━━━ Working data ━━━

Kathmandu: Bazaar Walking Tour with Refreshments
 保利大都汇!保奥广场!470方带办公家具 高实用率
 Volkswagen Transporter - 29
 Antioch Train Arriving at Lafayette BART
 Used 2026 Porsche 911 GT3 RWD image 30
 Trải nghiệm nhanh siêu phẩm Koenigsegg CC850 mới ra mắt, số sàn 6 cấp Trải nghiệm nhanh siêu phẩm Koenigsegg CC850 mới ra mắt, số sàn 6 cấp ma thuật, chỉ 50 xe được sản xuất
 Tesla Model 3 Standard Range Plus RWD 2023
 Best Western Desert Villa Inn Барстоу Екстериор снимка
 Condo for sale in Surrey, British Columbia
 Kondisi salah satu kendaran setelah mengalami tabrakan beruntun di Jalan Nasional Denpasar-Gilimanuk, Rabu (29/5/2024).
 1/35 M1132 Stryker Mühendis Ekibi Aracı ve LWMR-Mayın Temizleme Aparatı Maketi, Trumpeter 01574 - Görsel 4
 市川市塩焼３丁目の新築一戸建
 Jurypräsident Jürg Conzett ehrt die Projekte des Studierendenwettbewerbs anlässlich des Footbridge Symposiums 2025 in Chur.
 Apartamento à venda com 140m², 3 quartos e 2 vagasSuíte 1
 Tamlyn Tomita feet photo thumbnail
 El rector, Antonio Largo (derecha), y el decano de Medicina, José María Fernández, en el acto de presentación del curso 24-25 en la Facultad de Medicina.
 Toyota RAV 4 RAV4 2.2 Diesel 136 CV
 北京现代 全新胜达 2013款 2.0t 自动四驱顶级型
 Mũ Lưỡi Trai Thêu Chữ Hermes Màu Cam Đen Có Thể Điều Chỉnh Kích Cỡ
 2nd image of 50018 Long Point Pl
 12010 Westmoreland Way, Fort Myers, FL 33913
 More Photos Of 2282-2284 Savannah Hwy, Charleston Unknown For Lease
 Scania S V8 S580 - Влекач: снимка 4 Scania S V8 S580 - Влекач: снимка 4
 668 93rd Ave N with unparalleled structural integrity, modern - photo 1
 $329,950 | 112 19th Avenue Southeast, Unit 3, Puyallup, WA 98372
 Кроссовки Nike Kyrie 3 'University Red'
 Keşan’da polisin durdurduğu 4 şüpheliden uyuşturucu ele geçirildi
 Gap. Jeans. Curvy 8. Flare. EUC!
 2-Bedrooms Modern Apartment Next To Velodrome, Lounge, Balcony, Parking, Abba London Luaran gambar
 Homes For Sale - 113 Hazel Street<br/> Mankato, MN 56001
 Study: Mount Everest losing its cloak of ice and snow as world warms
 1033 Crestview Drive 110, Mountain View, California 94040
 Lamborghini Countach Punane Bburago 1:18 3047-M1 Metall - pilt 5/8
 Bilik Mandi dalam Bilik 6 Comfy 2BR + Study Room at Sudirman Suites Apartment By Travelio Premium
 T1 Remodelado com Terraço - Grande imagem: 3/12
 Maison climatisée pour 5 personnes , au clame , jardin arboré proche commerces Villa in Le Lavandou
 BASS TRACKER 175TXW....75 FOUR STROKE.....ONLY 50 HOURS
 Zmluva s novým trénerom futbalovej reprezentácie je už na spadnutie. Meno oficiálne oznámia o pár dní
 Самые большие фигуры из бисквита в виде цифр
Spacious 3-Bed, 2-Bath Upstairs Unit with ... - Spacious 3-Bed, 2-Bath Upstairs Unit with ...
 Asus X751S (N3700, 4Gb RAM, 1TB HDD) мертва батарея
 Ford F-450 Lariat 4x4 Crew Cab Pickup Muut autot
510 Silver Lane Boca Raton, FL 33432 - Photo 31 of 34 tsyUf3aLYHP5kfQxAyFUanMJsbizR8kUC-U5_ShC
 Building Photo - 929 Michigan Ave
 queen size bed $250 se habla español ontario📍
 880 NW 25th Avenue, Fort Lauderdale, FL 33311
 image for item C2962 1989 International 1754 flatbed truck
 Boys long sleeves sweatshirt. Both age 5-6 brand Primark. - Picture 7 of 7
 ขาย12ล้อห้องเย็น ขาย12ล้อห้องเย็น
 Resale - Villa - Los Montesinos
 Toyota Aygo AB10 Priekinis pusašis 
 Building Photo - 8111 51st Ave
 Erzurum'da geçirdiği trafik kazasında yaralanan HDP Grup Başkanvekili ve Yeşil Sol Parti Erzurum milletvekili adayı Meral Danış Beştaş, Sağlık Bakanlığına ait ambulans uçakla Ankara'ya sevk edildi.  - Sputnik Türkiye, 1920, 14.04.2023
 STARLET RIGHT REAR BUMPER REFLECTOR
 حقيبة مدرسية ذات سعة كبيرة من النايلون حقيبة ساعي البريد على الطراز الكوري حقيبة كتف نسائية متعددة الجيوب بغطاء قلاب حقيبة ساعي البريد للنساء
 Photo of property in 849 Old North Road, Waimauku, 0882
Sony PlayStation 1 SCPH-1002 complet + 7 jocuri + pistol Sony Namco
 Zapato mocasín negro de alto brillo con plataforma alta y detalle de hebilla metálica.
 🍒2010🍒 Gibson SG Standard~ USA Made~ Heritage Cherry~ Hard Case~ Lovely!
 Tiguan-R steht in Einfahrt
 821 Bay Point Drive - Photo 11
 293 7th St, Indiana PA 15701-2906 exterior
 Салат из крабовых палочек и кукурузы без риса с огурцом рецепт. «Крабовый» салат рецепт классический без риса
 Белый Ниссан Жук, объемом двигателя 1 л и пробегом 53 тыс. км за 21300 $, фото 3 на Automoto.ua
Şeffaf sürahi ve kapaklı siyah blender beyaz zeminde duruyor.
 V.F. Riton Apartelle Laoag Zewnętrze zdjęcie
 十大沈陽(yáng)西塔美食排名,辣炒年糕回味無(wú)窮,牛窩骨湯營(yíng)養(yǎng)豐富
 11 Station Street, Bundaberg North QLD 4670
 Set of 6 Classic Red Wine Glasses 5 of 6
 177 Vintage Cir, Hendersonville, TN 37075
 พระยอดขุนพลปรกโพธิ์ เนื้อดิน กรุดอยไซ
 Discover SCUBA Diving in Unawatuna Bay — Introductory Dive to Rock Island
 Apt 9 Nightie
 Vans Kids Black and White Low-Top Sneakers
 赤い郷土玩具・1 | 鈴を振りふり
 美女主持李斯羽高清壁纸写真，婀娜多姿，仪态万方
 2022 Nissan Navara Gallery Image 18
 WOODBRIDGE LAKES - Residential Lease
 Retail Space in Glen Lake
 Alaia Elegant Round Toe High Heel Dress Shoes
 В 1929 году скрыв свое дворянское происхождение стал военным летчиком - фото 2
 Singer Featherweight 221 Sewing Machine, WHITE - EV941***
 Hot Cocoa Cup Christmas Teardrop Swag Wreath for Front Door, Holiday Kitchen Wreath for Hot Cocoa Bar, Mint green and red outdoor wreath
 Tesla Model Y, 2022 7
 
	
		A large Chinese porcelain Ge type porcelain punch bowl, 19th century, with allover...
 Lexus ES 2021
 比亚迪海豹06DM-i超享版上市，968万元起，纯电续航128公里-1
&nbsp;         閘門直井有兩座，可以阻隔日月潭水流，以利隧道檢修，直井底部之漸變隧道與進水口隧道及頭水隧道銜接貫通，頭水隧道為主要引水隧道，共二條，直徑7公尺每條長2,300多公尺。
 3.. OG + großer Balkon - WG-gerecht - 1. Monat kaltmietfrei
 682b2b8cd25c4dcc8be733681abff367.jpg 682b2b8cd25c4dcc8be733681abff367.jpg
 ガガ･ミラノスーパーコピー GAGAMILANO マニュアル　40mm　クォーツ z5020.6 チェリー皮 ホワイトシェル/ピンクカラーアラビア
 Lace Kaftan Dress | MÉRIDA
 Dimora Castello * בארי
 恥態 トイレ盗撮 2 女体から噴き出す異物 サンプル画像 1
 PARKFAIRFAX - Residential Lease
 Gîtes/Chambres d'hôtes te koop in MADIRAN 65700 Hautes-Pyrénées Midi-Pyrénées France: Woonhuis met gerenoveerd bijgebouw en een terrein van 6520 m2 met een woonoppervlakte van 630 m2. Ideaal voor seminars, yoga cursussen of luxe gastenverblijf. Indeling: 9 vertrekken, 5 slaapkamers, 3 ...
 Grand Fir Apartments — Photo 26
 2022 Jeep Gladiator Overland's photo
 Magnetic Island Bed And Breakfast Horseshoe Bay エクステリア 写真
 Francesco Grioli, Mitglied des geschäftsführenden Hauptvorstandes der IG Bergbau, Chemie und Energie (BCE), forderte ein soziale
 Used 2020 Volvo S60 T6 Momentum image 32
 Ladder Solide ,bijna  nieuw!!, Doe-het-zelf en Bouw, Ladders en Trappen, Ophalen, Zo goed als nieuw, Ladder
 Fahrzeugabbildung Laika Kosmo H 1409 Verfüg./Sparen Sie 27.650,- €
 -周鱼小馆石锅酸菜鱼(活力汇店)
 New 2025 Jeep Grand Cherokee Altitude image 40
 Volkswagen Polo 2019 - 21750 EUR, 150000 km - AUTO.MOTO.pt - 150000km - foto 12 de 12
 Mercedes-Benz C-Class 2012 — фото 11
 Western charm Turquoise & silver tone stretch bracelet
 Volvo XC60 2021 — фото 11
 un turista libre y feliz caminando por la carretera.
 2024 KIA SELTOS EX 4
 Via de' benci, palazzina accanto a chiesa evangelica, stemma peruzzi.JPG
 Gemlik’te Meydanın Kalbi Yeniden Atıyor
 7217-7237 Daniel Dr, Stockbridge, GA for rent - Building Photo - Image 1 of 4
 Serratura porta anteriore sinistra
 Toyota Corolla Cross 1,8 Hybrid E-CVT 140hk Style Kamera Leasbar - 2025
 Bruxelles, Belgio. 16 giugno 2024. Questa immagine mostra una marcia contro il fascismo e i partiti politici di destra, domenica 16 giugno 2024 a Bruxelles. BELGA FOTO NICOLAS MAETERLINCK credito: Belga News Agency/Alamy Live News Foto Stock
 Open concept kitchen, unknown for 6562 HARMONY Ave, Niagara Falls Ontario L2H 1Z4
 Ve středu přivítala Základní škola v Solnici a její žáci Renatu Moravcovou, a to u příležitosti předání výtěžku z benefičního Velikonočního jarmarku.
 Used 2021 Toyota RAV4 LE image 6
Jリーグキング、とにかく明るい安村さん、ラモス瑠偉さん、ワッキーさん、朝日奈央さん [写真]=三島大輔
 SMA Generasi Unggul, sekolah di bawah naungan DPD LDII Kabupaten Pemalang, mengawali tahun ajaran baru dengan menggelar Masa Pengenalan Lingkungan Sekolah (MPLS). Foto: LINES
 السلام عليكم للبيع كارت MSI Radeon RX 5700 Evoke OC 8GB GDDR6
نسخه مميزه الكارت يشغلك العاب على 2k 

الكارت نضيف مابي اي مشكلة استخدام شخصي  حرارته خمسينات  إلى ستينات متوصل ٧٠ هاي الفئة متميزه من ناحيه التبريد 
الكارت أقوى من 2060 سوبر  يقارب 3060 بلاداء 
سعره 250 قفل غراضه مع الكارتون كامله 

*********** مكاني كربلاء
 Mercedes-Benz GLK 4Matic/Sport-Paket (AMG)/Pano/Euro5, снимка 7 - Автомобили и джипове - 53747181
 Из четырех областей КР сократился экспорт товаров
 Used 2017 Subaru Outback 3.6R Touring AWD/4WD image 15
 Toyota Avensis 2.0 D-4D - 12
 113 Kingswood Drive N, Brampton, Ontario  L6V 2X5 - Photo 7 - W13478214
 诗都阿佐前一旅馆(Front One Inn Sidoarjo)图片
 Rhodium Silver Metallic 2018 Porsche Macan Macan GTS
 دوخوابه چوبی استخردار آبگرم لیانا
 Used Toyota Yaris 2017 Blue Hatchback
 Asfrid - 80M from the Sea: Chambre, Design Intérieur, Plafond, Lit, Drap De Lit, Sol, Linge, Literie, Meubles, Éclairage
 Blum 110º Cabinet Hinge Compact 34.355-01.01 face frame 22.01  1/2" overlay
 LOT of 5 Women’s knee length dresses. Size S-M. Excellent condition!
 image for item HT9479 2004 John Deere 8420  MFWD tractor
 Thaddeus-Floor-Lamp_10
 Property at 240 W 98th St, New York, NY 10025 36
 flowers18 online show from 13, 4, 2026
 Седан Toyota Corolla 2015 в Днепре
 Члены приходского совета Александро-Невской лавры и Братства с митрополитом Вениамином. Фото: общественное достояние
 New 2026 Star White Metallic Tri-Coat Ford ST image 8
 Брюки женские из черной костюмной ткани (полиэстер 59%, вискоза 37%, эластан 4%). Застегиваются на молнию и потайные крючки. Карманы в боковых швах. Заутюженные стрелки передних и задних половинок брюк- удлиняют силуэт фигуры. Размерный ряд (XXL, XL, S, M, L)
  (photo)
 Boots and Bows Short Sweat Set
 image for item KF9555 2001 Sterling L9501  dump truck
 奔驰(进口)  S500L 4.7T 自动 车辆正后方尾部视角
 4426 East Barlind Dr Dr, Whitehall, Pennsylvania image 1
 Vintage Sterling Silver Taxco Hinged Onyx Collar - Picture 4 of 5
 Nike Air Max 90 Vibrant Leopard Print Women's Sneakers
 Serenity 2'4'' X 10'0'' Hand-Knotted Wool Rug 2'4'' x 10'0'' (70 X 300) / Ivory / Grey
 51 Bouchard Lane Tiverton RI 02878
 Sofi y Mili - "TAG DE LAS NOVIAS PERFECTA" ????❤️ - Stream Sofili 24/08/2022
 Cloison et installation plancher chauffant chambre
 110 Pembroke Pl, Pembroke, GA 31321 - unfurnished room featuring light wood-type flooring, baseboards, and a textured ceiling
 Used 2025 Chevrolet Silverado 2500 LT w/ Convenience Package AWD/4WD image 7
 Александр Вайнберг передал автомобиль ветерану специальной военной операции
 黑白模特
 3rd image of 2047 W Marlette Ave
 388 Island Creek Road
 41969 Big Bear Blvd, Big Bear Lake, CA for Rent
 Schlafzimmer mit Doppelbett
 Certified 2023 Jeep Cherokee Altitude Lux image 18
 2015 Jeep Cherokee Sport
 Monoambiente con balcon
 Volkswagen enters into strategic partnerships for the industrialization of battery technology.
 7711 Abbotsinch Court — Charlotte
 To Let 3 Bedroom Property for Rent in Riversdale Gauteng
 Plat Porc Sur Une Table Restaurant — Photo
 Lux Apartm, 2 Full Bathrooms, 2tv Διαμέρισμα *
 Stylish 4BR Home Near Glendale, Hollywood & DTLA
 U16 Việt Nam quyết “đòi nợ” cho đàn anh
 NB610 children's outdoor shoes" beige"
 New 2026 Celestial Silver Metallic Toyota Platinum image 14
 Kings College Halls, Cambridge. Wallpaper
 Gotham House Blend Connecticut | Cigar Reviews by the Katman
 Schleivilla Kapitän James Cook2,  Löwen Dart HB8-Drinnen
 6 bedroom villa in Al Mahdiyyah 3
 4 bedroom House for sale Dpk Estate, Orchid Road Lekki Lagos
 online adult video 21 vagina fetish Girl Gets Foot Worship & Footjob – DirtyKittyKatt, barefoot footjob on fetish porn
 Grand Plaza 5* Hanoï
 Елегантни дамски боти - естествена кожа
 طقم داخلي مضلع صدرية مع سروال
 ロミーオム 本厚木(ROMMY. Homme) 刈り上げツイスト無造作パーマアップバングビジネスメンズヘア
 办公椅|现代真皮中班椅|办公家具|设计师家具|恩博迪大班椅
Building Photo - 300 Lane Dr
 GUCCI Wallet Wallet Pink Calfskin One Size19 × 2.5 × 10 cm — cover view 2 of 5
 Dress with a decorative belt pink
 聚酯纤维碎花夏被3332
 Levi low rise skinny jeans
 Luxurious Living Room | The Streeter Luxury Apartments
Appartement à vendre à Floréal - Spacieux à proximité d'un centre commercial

━━━

Copy whichever lines of the records above contain the word "Road".

 Photo of property in 849 Old North Road, Waimauku, 0882
 388 Island Creek Road
 4 bedroom House for sale Dpk Estate, Orchid Road Lekki Lagos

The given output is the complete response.